Quando comecei a correr, ficava fascinado com os relatos que me chegavam das primeiras edições dos “Abutres”. Apesar da atracção que sentia pela prova, pelo que via em fotos ou vídeo e ouvia de viva voz dos participantes, nunca tive disponibilidade para participar na mesma.
Contudo, este ano, quase por milagre, consegui uma inscrição e arrisquei à distância mais longa. “Ah e tal… quem faz a Freita faz os Abutres!” e lá fui eu, achando que, mais coisa menos coisa, a prova chegava ao fim, sendo este o meu primeiro grande objectivo de 2016 (daqueles objectivos que não conto a ninguém, ou quase ninguém, e só revelo no fim do ano).
A irrepreensível organização colocou duas barreiras horárias: uma aos 29km (6 horas), outra aos 42km (9 horas).
Cedo, a primeira barreira horárias tornou-se, para mim, barreira psicológica. A partir do primeiro abastecimento, onde vi as primeiras desistências, sentia o relógio avançar mais do que as pernas. As subidas eram íngremes e as descidas muito técnicas, sendo poucos os troços onde se podia, verdadeiramente, correr.
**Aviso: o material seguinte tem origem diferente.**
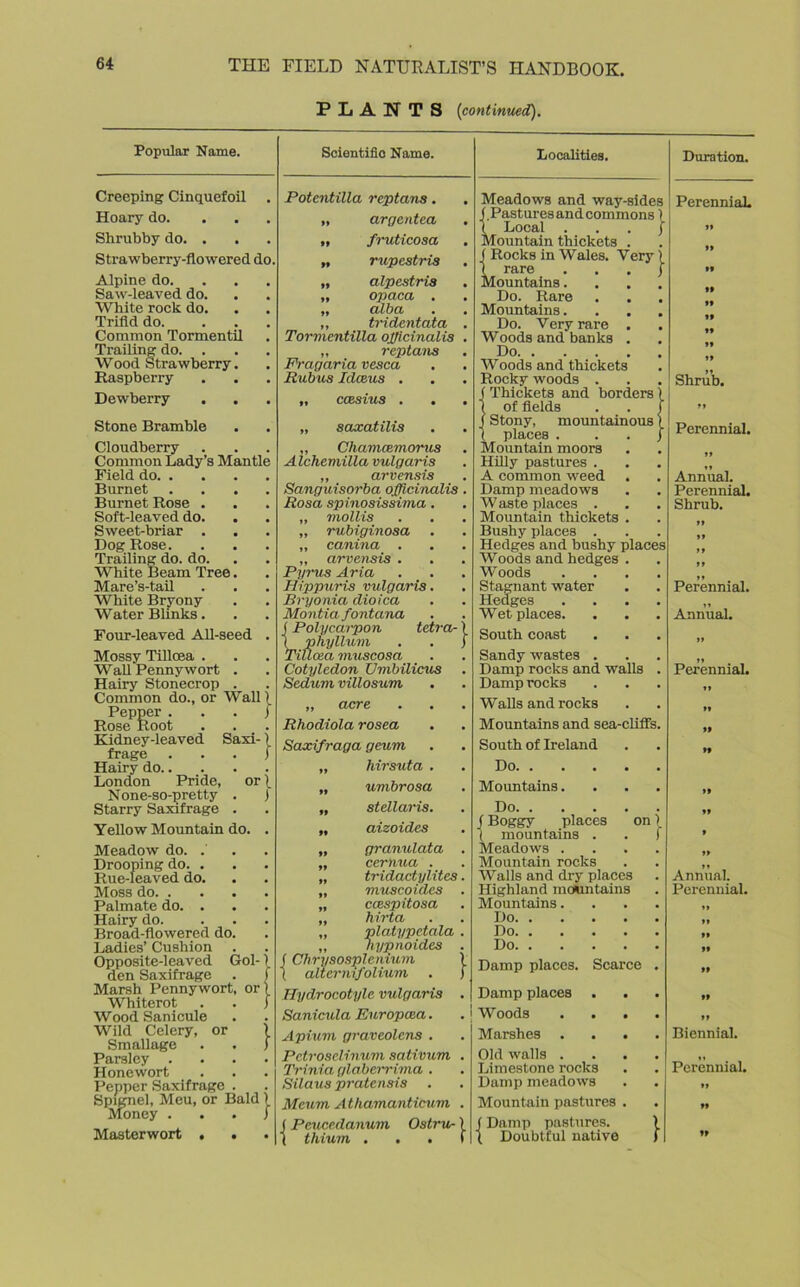 PLANTS {continued). Popular Name. Creeping Cinquefoil Hoary do. Shrubby do. . Strawberry-flowered do Alpine do. Saw-leaved do. White rock do. Trifld do. Common Tormentil Trailing do. . Wood Strawberry. Raspberry Dewberry . . Stone Bramble Cloudberry Common Lady’s Mantle Field do. . Burnet Burnet Rose . Soft-leaved do. Sweet-briar . Dog Rose. Trailing do. do. White Beam Tree. Mare’s-tail White Bryony Water Blinks. Four-leaved All-seed Mossy Tifloea . Wall Pennywort . Hairy Stonecrop . Common do., or Wall) Pepper. . . j Rose Root Kidney-leaved Saxi-) frage . . . 1 Hairy do London Pride, or 1 None-so-pretty . j Starry Saxifrage . Yellow Mountain do, Meadow do. Drooping do. Rue-leaved do Moss do. . Palmate do. Hairy do. Broad-flowered do. Ladies’ Cushion Opposite-leaved Gol-) den Saxifrage . f Marsh Pennywort, or) Whiterot . . j Wood Sanicule Wild Celery, or j Sm allage . . ) Parsley .... Honewort Pepper Saxifrage . Spignel, Meu, or Bald ) Money . . . ) Masterwort . . Scientific Name. Potentilla rcptans. „ argentea „ fruticosa „ rupcstris „ alpestris „ opaca . „ alba ,, tridcntata Tormentilla officinalis ,, rcptans Fragaria vesca Rubus Idccus . ,, saxatihs . . ,, Chamcemorus Alchemilla vulgaris „ arvensis Sanguisorba officinalis. Rosa spinosissima. „ mollis „ rubiginosa „ canina . „ arvensis . Pyrus Aria Hippuris vulgaris. . Bryonia dioica Montia fontcma (Polycarpon tetra-) \ phyllum . . j Tillcea muscosa Cotyledon Umbilicus Sedum villosum „ acre Rhodiola rosea Saxifraga geum „ hirsuta . „ umbrosa „ stellaris. „ aizoides „ granulata . „ cernua . „ tridactylites. „ muscoicles . „ ccespitosa „ hirta ,, platypetala . „ nypnoides . f Chrysosplenium V ( altcrnifolium . j Hydrocotylc vulgaris . Sanicula Enropcea. Apium graveolens . Pctrosclinum sativum . Trinia glaberrima . Silaus pratensis Meum Athamanticum . J Pcucedanum Ostru-) ( thium . . . f Localities. Meadows and way-sides (Pastures and commons) 1 Local f Mountain thickets . ( Rocks in Wales. Very j 1 rare . . . j Mountains. Do. Rare Mountains. Do. Very rare . Woods and banks . Do Woods and thickets Rocky woods . 1 Thickets and borders) of fields . . f Stony, mountainous) places . . . j Mountain moors Hilly pastures . A common weed Damp meadows W aste places . Mountain thickets . Bushy places . Hedges and bushy places Woods and hedges . Woods Stagnant water Hedges Wet places. South coast Sandy wastes . Damp rocks and walls Damp rocks Walls and rocks Mountains and sea-cliffs South of Ireland Do Mountains. Do (Boggy places or \ mountains . Meadows . Mountain rocks Walls and dry places Highland mountains Mountains. Do Do Do Damp places. Scarce Damp places Woods . . Marshes . Old walls . Limestone rocks Damp meadows Mountain pastures (Damp pastures. ) Doubtful native Duration. Perennial. J* 99 99 99 99 99 99 99 99 Shrub. Perennial. 99 Annual. Perennial. Shrub. 99 99 99 99 Perennial. Annual. 99 Perennial. 99 »? 99 99 99 99 9 99 Annual. Perennial. 99 99 99 99 99 99 99 Biennial. Perennial. »» 99 99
Apercebi-me nessa fase que os Abutres não são para qualquer um e que esta prova não era para mim. A exigência do traçado requer treino e uma preparação cuidadosa, algo que não tem abundado por estes lados.
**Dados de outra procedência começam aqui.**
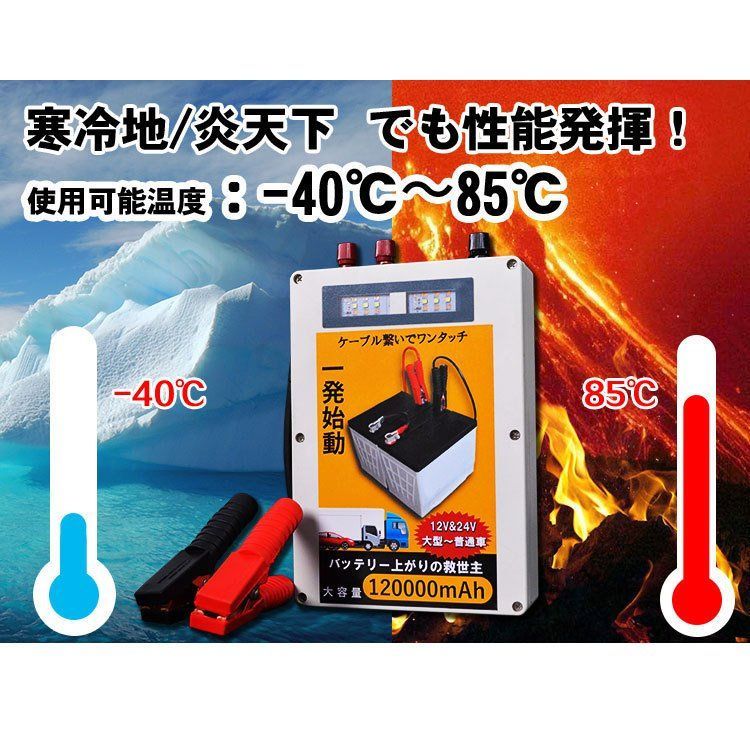 未使用　BUTURE 500F ジャンプスターター動作確認済みスーパ容量 マ*ル様 未使用 BUTURE 500F ジャンプスターター動作確認済み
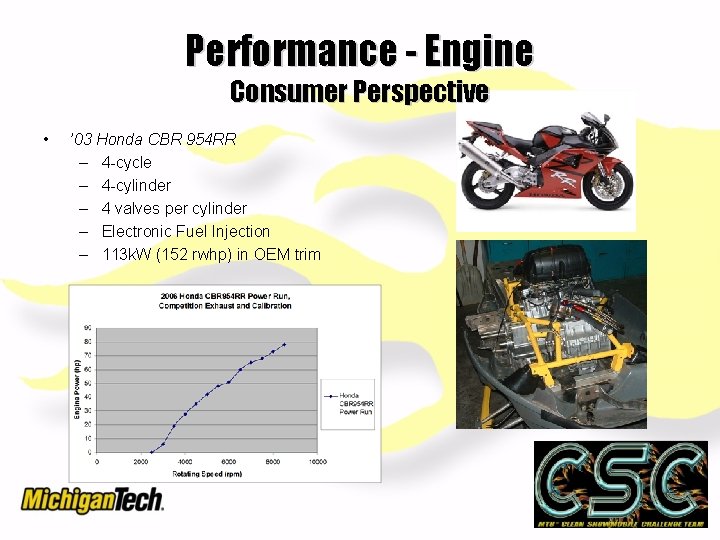 Performance - Engine Consumer Perspective • ’ 03 Honda CBR 954 RR – 4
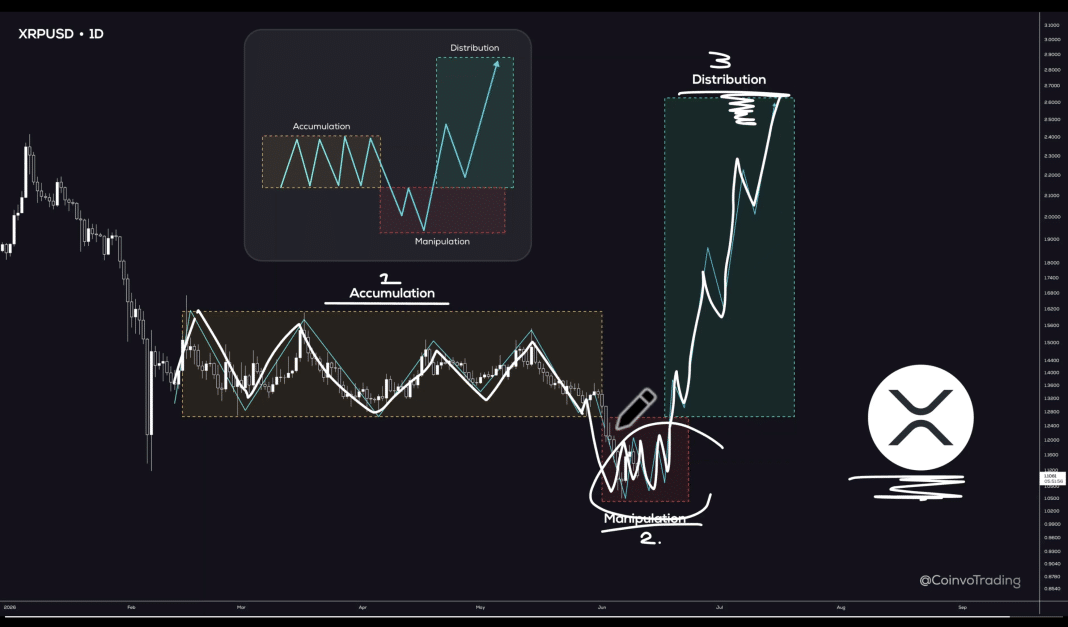 XRP Forms ‘Power of Three’ Pattern After 18% Drop, Analyst Says Expansion Phase Could Be Next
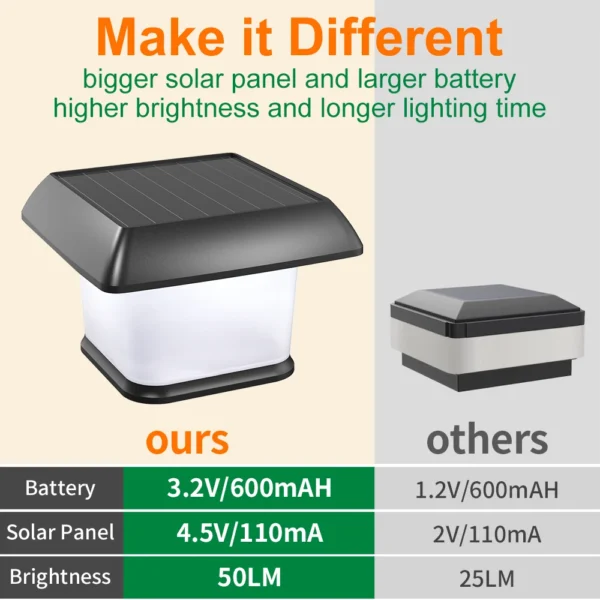 Adjustable Solar Post Cap Lights - Waterproof Outdoor Lanterns - Image 3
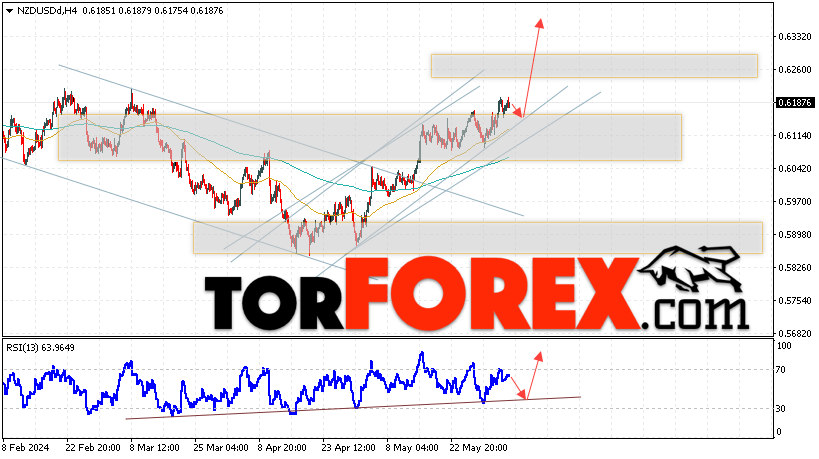 Форекс прогноз и аналитика NZD/USD на 6 июня 2024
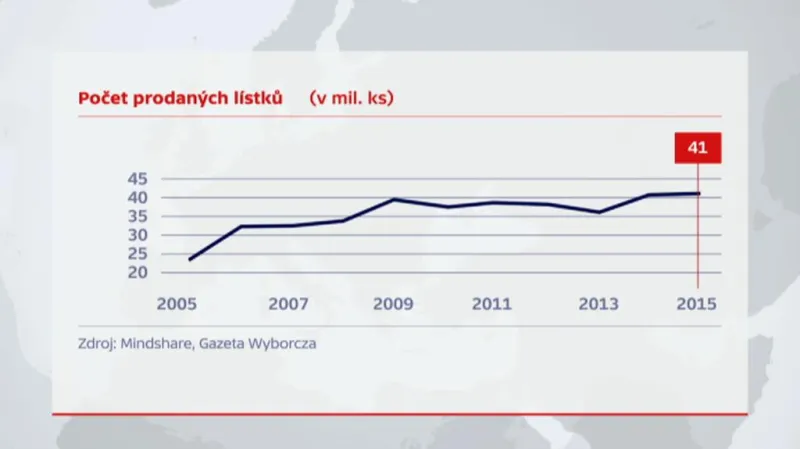 Počet prodaných lístků do kina v Polsku (v mil. ks)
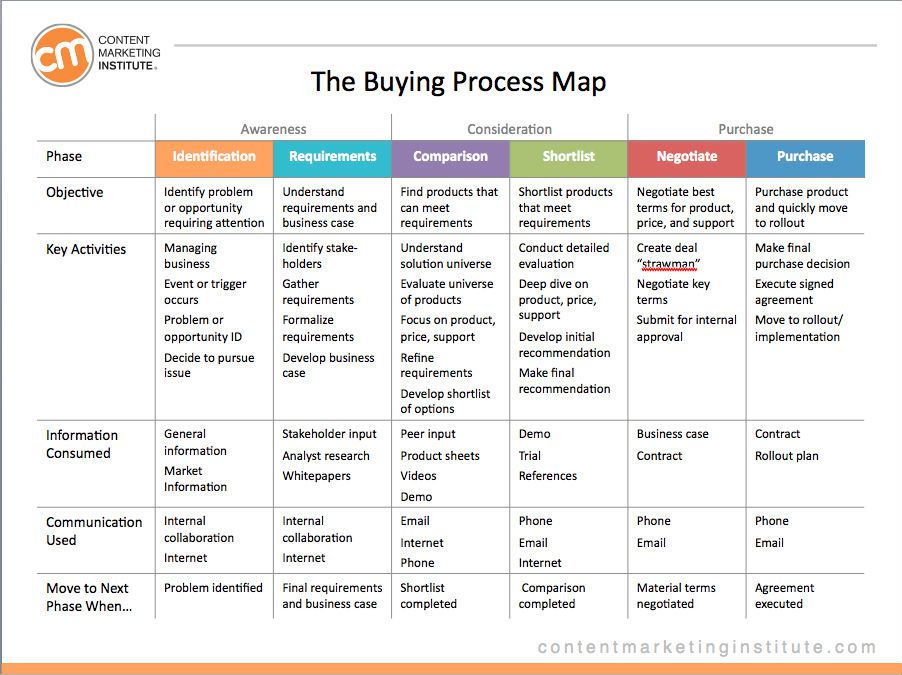 Rosenberg_buying-process-map-image-2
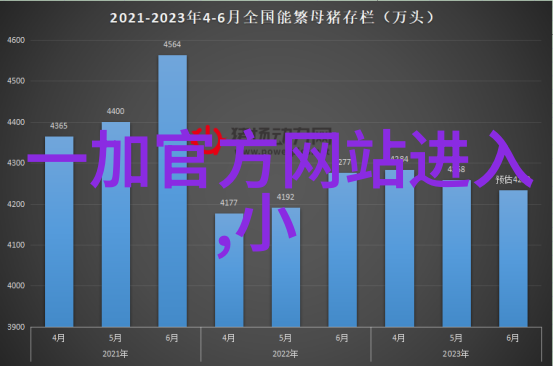 主题我是如何在世界新闻摄影大赛官网上发现照片故事的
Comecei a sentir que iria ficar retido na primeira barreira e a desanimar bastante. Sabia de antemão que ia ser difícil chegar ao fim, mas fazer pouco mais que meia prova era pouco…
Apesar de triste e derrotado, decidi que, pelo menos, ia tentar, nem que fosse por um minuto, passar a malfadada barreira.
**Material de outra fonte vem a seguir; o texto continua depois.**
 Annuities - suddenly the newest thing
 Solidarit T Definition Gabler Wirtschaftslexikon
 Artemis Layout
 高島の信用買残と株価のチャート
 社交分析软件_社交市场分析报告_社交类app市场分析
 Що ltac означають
E às 5h52 de prova, 8 minutos antes do barramento, eu passei! Senti-me como se tivesse ganho a corrida. Comi duas sopas, aproveitei para descansar e arranquei do posto de abastecimento com os vassouras atrás de mim.
A partir daqui foi gerir o tempo e o esforço até à barreira seguinte, mais acessível e à qual cheguei confortavelmente (com meia hora de antecipação).
Anoiteceu e, quando eu pensava que já não havia mais nada que me fizesse soltar palavrões e mal dizer a minha vida, aparece um kilometro de lama, lama e mais lama. A sério? Eu já tinha ouvido falar da lama dos Abutres e até já apanhei muita lama nos trails, mas aquilo era de mais. Cheguei a estar enterrado na lama até aos joelhos sem me conseguir mexer.
Passa esta última tormenta e sentindo novamente os pés em solo firme, foi correr até à meta na qual entrei com 11h49, a festejar como se tivesse marcado um golo na final da Champions League!
E, neste ponto, tenho que realçar o papel da Organização. Para além de todo o apoio durante a prova, esperam pelo fim da mesma, até ao último atleta. E celebram a chegada dos últimos como se fôssemos os primeiros, com aplausos, sorrisos e muito apoio! Obrigado, malta! Tive direito a entrevista e tudo (apesar de não conseguir dizer nada de jeito). Isto, em contraponto com provas em que começam a desmontar a meta antes dos últimos atletas chegarem, é de realçar.
E estava lá a minha Teresa, pacientemente, mais uma vez, com o melhor sorriso do Mundo.
Resumindo:
– se puder, voltarei aos Abutres, mas na prova mais curta. Ou então terei que treinar mais e melhor. Definitivamente, os Abutres não são para todos.
– é uma prova que se recomenda vivamente e cujo sucesso é plenamente justificado. A Organização é irrepreensível, a Serra da Lousã é lindíssima, os trilhos são únicos e há muito para ver nas redondezas. O Parque Biológico de Miranda do Corvo é uma preciosidade.
– numa altura em que proliferam provas de Trail, muitas com graves falhas organizativas, é bom constatar o esforço que a Organização dos Abutres fez para que nada falhasse e no profissionalismo que entregou ao evento, incluindo a parceria com a empresa de comunicação “Duas Faces”, para o desenvolvimento do Marketing da prova.